(PROBLEM REQUIREMENTS): Up through the line that contains "Bathroom, Interior, Recessed Lighting", retype the entries exactly, beginning at the very first line.

-- DATA SECTION follows --

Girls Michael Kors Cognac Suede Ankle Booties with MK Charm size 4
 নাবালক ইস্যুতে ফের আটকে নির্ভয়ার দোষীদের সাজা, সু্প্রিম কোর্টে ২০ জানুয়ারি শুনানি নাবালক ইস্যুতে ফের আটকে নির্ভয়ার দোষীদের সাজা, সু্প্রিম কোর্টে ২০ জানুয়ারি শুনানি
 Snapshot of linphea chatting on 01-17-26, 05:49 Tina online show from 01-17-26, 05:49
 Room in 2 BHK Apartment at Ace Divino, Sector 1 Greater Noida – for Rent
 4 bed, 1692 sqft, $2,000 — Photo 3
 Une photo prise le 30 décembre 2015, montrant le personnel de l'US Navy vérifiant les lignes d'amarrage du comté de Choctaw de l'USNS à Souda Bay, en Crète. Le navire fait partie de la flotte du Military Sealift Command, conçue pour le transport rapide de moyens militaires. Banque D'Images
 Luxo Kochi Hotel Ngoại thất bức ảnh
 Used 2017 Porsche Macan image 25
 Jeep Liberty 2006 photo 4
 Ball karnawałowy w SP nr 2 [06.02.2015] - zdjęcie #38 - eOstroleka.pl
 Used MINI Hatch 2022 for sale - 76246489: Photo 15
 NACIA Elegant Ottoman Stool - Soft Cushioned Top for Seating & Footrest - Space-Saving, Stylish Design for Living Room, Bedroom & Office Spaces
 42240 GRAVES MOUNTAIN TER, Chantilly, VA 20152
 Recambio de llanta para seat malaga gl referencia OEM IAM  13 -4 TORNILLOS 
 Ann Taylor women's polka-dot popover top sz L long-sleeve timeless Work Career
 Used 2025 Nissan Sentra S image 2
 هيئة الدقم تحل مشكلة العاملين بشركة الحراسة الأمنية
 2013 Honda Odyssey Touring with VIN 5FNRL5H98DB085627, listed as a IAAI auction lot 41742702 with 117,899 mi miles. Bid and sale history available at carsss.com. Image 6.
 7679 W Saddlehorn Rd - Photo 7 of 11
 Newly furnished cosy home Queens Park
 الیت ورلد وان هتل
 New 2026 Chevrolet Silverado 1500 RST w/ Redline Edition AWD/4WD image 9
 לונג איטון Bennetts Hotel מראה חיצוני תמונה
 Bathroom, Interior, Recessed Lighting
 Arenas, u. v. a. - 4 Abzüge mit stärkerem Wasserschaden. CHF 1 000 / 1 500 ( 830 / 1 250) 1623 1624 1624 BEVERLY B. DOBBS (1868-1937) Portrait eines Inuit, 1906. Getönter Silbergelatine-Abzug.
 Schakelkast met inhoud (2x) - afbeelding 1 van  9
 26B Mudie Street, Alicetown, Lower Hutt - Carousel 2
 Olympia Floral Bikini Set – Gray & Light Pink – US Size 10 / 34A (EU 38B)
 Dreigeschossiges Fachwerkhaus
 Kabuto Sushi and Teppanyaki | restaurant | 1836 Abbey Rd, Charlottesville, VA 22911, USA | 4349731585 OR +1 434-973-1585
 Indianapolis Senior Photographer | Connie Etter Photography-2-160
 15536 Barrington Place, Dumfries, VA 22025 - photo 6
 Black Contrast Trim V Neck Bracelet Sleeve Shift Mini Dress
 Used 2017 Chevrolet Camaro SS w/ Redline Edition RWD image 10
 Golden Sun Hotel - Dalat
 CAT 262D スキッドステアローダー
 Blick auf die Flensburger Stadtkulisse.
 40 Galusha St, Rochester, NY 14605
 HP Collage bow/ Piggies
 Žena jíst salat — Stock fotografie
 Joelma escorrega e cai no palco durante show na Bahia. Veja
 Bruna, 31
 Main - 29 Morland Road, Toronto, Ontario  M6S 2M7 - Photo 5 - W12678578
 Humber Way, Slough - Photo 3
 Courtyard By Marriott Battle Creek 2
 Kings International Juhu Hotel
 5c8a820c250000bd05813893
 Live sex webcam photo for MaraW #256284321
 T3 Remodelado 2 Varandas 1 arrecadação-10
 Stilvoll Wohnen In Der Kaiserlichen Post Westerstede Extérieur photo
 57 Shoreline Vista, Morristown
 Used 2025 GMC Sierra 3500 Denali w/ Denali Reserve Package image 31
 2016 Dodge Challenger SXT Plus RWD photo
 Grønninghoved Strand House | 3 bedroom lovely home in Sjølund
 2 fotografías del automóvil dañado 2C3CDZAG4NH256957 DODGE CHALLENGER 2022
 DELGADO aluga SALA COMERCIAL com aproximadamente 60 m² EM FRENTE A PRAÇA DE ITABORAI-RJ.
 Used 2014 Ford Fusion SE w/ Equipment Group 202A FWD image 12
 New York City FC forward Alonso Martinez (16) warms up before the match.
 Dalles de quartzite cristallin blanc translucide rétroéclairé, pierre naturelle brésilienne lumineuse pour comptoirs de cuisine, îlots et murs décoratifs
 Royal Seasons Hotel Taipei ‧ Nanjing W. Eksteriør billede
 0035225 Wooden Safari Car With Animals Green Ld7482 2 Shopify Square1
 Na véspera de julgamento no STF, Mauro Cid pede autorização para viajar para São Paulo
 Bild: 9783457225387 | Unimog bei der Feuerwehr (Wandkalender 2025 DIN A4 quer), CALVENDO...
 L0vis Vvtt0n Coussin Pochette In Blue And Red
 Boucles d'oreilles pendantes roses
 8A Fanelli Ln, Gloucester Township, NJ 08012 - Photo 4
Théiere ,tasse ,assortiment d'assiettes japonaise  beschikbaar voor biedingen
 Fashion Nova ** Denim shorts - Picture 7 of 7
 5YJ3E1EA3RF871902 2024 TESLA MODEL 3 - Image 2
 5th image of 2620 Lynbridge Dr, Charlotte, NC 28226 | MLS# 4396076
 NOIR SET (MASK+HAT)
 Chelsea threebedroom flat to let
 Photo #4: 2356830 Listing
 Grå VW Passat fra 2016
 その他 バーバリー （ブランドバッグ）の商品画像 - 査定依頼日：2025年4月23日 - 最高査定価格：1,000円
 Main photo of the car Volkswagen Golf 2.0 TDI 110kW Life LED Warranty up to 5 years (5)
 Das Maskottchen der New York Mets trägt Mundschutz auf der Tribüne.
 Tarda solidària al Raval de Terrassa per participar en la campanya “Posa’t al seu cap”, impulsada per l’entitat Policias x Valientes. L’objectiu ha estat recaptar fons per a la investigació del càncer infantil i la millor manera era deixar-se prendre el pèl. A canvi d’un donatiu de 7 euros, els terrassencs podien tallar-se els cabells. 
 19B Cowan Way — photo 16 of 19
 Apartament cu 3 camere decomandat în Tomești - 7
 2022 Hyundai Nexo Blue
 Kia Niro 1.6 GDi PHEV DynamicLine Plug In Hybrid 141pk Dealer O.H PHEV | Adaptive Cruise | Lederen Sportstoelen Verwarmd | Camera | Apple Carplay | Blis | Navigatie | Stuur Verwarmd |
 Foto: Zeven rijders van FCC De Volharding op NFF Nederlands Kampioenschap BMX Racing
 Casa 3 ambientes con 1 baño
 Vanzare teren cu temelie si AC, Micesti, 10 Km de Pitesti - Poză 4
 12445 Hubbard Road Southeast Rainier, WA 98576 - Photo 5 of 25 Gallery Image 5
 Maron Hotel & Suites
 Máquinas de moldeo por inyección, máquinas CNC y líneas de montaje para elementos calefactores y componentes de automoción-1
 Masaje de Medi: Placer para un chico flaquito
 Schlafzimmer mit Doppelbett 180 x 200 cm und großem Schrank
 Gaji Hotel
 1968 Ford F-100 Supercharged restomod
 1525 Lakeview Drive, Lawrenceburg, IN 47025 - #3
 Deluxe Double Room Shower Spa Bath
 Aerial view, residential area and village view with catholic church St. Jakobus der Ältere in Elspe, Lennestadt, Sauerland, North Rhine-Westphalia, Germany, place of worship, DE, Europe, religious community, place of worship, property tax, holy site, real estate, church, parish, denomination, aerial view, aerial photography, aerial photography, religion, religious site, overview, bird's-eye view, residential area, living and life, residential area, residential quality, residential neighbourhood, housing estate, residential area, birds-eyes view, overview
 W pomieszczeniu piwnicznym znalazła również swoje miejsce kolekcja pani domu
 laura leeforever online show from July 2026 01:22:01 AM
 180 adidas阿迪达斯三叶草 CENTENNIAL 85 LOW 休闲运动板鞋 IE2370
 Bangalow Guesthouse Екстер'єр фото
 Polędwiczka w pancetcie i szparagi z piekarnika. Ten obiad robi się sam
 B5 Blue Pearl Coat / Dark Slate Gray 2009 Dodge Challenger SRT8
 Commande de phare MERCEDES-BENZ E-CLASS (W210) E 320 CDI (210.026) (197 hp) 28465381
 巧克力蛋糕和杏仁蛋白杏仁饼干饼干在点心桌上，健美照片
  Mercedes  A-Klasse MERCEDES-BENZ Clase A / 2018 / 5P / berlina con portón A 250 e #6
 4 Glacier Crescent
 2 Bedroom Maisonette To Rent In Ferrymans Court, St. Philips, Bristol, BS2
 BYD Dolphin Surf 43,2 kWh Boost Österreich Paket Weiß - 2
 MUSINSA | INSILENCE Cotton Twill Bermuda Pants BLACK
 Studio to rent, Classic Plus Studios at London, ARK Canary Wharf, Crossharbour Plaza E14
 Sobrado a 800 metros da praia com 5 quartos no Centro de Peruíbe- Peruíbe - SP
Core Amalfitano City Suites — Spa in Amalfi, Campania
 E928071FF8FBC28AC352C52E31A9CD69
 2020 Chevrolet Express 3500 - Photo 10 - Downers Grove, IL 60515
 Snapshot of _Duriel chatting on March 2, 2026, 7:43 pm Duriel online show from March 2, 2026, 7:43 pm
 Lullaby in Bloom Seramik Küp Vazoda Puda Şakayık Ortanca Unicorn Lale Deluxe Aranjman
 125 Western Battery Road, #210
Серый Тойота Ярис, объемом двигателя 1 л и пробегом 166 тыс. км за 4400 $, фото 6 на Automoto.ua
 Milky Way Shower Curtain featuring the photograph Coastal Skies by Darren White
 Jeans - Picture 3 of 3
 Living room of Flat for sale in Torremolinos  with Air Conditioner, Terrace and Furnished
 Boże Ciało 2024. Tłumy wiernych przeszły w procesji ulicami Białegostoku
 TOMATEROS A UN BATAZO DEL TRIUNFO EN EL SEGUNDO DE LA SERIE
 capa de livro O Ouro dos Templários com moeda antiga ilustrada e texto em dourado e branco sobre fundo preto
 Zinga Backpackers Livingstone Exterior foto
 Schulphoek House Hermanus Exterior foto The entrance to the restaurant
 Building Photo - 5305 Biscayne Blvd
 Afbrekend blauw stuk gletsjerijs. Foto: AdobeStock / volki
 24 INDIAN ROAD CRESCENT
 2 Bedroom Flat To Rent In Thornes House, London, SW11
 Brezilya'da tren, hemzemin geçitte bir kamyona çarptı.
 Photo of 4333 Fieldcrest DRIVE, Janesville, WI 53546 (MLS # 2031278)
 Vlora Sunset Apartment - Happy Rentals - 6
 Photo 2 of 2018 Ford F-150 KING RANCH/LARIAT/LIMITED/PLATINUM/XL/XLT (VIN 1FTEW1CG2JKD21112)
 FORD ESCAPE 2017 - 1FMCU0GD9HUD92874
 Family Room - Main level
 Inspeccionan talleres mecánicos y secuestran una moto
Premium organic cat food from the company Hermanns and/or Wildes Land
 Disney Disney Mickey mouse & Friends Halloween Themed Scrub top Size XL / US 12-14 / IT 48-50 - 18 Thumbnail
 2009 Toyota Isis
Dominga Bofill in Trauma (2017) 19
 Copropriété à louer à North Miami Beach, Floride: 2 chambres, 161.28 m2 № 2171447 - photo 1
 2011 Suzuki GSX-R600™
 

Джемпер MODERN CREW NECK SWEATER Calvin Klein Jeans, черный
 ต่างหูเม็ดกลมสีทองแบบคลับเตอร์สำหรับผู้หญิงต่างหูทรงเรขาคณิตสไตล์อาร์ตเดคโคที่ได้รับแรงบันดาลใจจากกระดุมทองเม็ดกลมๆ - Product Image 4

-- DATA SECTION concluded --

(WRITTEN SOLUTION):
Girls Michael Kors Cognac Suede Ankle Booties with MK Charm size 4
 নাবালক ইস্যুতে ফের আটকে নির্ভয়ার দোষীদের সাজা, সু্প্রিম কোর্টে ২০ জানুয়ারি শুনানি নাবালক ইস্যুতে ফের আটকে নির্ভয়ার দোষীদের সাজা, সু্প্রিম কোর্টে ২০ জানুয়ারি শুনানি
 Snapshot of linphea chatting on 01-17-26, 05:49 Tina online show from 01-17-26, 05:49
 Room in 2 BHK Apartment at Ace Divino, Sector 1 Greater Noida – for Rent
 4 bed, 1692 sqft, $2,000 — Photo 3
 Une photo prise le 30 décembre 2015, montrant le personnel de l'US Navy vérifiant les lignes d'amarrage du comté de Choctaw de l'USNS à Souda Bay, en Crète. Le navire fait partie de la flotte du Military Sealift Command, conçue pour le transport rapide de moyens militaires. Banque D'Images
 Luxo Kochi Hotel Ngoại thất bức ảnh
 Used 2017 Porsche Macan image 25
 Jeep Liberty 2006 photo 4
 Ball karnawałowy w SP nr 2 [06.02.2015] - zdjęcie #38 - eOstroleka.pl
 Used MINI Hatch 2022 for sale - 76246489: Photo 15
 NACIA Elegant Ottoman Stool - Soft Cushioned Top for Seating & Footrest - Space-Saving, Stylish Design for Living Room, Bedroom & Office Spaces
 42240 GRAVES MOUNTAIN TER, Chantilly, VA 20152
 Recambio de llanta para seat malaga gl referencia OEM IAM  13 -4 TORNILLOS 
 Ann Taylor women's polka-dot popover top sz L long-sleeve timeless Work Career
 Used 2025 Nissan Sentra S image 2
 هيئة الدقم تحل مشكلة العاملين بشركة الحراسة الأمنية
 2013 Honda Odyssey Touring with VIN 5FNRL5H98DB085627, listed as a IAAI auction lot 41742702 with 117,899 mi miles. Bid and sale history available at carsss.com. Image 6.
 7679 W Saddlehorn Rd - Photo 7 of 11
 Newly furnished cosy home Queens Park
 الیت ورلد وان هتل
 New 2026 Chevrolet Silverado 1500 RST w/ Redline Edition AWD/4WD image 9
 לונג איטון Bennetts Hotel מראה חיצוני תמונה
 Bathroom, Interior, Recessed Lighting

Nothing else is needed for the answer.